In July 2011, Democracy 21 and the Campaign Legal Center petitioned the IRS to initiate a rulemaking to revise the existing IRS regulations governing eligibility for section 501(c)(4) tax status, which the reform groups challenged as contrary to law.

In August 2013, Democracy 21 and the Campaign Legal Center joined with Representative Van Hollen and Public Citizen as plaintiffs in Van Hollen v. Internal Revenue Service, a lawsuit that challenged the IRS’s failure to commence the rulemaking requested in the July 2011 petition. The plaintiffs voluntarily dismissed the lawsuit when the IRS initiated the current rulemaking proceeding.

Donald Simon, Counsel to Democracy 21, took the lead role in preparing the comments submitted today.

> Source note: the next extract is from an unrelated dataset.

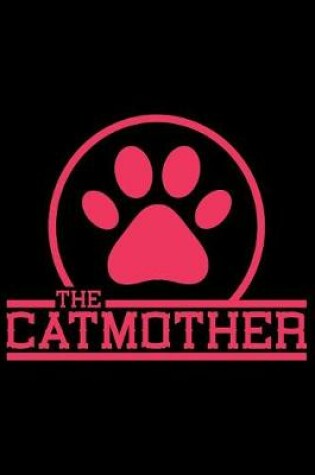 Cover of The catmother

The comments submitted today applaud the Treasury Department and the IRS for undertaking the rulemaking and for recognizing that problems exist with the current regulations, which were adopted more than a half century ago.

The comments support a proposal made by the IRS to use a test that treats as campaign-related activity any public communication that refers to a candidate in the period 30 days before a primary election or 60 days before a general election.  This test is based on an existing provision of the campaign finance laws which treat as an “electioneering communication,” any broadcast that refers to a candidate within that same time period. 

The comments disagree with another key part of the proposed IRS test.  Outside the 30/60 day time frame, the IRS proposes to treat as campaign activity only communications that include “express advocacy” or the functional equivalent of express advocacy — ads that are susceptible of no reasonable understanding other than advocating the election or defeat of candidates.

As the comments explain, this “express advocacy” test is too narrow, and allows sham issue ads to be used to attack candidates without being treated as campaign ads.  Such ads, which skirt words of express advocacy or their functional equivalent, are a common form of campaign attack ads.  Under the proposed IRS rule, social welfare organizations could spend an unlimited amount of their money to run such campaign attack ads without jeopardizing their status under section 501(c)(4).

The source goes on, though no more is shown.